Overall, the President’s budget adds about $8 trillion to our nation’s debt. According to the Congressional Budget Office, this massive debt accumulation means annual interest payments will nearly quadruple over the next decade.

Last year, we paid our creditors $221 billion in interest on our debt. That’s more than 6 times what we spent on Pell Grants during that same year. Astoundingly, in 2024, one single year’s interest payment, according to CBO, will be $876 billion. Again: that’s just one year’s payment. The one-year debt interest payment in 2024 will be greater than the amount we’ll spend on your education budget over the next 10 years combined.

Interest must be paid. The huge demands of interest will steal money from all accounts, including education.

Deficits matter. Debt has consequences. If you truly want to support our nation’s children then we have to live within the limits that we have set for ourselves.

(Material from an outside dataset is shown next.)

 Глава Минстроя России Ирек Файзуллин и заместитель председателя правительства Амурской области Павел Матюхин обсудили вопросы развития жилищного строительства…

At the same time we must recognize that more money doesn’t mean better results. Some of the worst-performing schools in the country are also some of the most well-funded. Base education spending has increased 15 percent from 2008 to 2014, without a corresponding increase in scores—and you propose another $1.3 billion increase next year.

More federal money is not a substitute for the support of a family or community, for the value of a role model or mentor, or the quality of a great teacher. More money cannot make a student do his homework or show up on time to class. More money won’t ensure that a teacher will use the best methods.

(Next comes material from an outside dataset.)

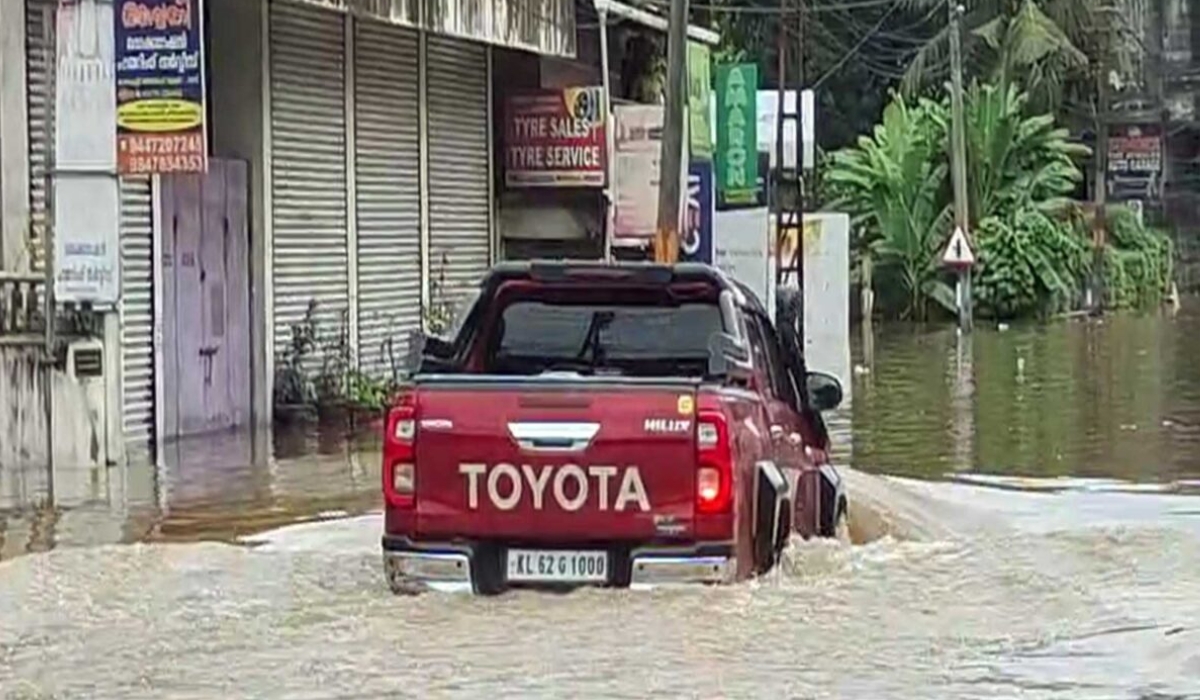 Kerala floods: 25 dead, over 18,000 displaced as Rs 10,000 aid announced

We also owe our students a secure future when they graduate. We must work to ensure there are jobs waiting for them.

Nearly 1 in 2 recent college graduates is underemployed. But the Administration proposes to double the number of guest workers to fill jobs throughout the economy, including a huge increase in STEM guest workers, where it is said a critical shortage exists.

But contrary to the claims of various technology corporations, we actually have a surplus of STEM-trained American students who are looking for work. As Professor Hal Salzman of Rutgers recently wrote: “the nation graduates more than two times as many STEM students each year as find jobs in STEM fields. For the 180,000 or so openings annually, U.S. colleges and universities supply 500,000 graduates.”

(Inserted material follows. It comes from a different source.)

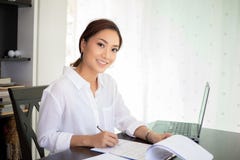 Aziatische bedrijfsvrouwen notitieboekje gebruiken en glimlachen die gelukkig voor worki stock afbeeldingen Aziatische bedrijfsvrouwen notitieboekje gebruiken en glimlachen die gelukkig voor worki stock afbeeldingen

Meanwhile, many of these guest worker visas are used to offshore American jobs. This cannot continue.

Across the board, we must do more to ensure that all American youth can find good jobs after they graduate.

  • Here is what we should fundamentally do to improve the opportunities for our graduates:
  • Reform education to better prepare students to enter the workforce
  • Produce more American energy
  • Eliminate all costly and wasteful regulations
  • Make the tax code more globally competitive
  • Ensure fair trade so our workers can compete on a level playing field
  • Adopt an immigration policy that serves American workers
  • Turn the welfare office into a job training center
  • Streamline the government to make it leaner and more accountable, and
  • Balance the federal budget to restore economic confidence”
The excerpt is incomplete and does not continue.